■ **The problem**:
What you should end up with is an exact copy of the lines from the one holding "Za projekt „Uređenje" through the last line of the entries below, both included, and nothing else; leave every picture out.

■ **Data supplied**:
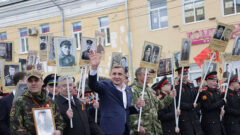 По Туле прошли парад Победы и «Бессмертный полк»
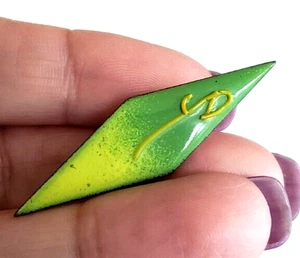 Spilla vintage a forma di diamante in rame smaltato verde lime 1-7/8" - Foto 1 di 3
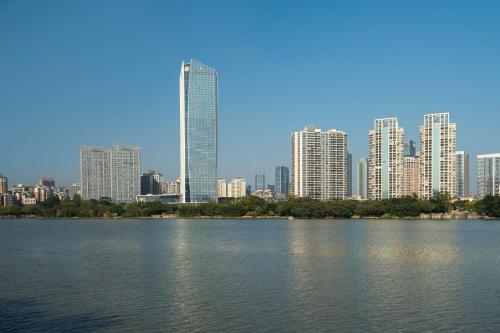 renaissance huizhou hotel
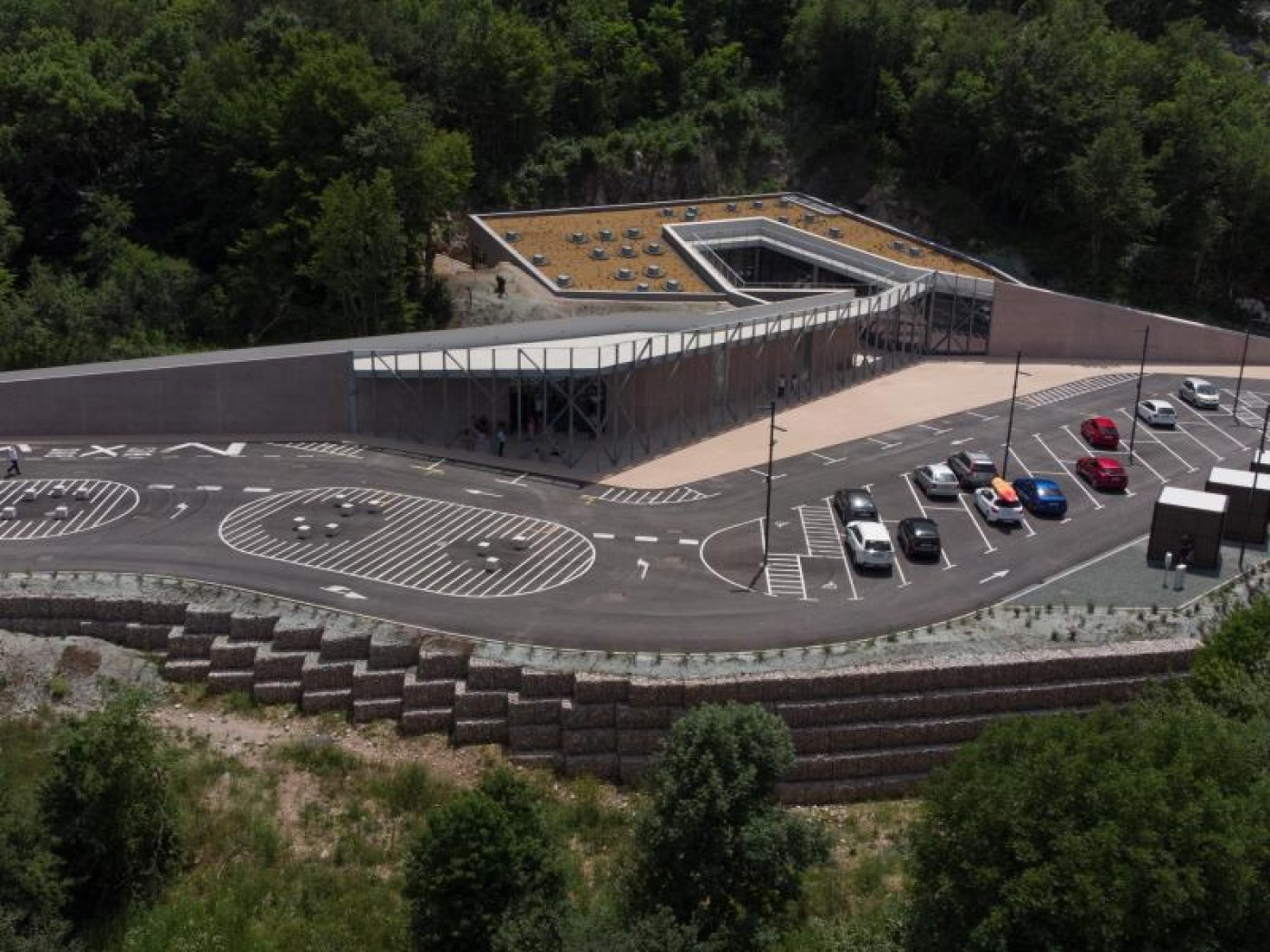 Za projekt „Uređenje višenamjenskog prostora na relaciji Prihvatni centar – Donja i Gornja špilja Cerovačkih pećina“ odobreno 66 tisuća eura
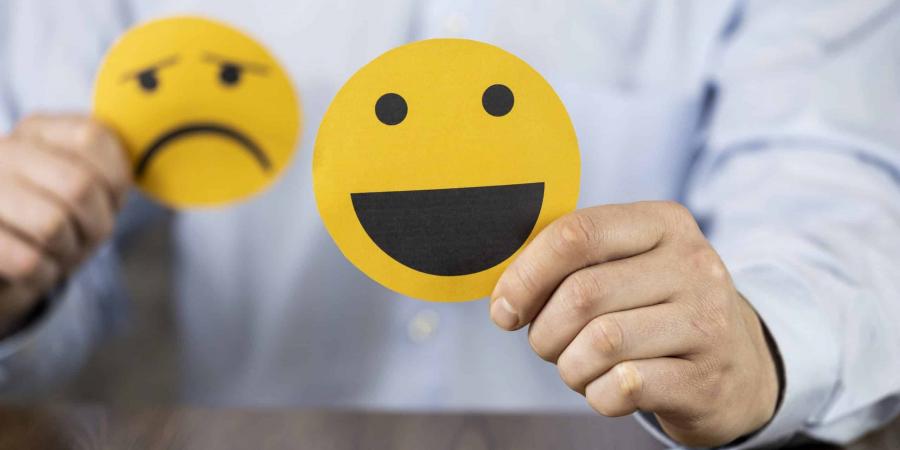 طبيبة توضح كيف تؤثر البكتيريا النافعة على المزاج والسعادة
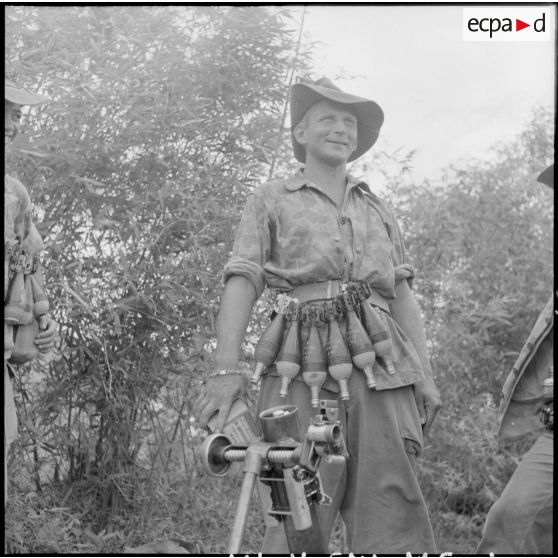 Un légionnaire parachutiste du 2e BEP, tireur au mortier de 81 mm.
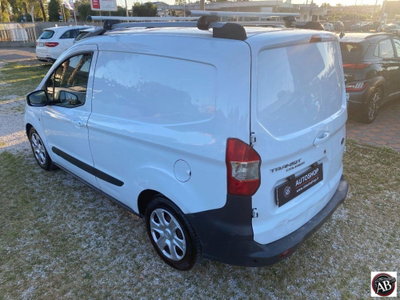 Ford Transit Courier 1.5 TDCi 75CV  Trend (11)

■ **Response box**:
 Za projekt „Uređenje višenamjenskog prostora na relaciji Prihvatni centar – Donja i Gornja špilja Cerovačkih pećina“ odobreno 66 tisuća eura
 طبيبة توضح كيف تؤثر البكتيريا النافعة على المزاج والسعادة
 Un légionnaire parachutiste du 2e BEP, tireur au mortier de 81 mm.
 Ford Transit Courier 1.5 TDCi 75CV  Trend (11)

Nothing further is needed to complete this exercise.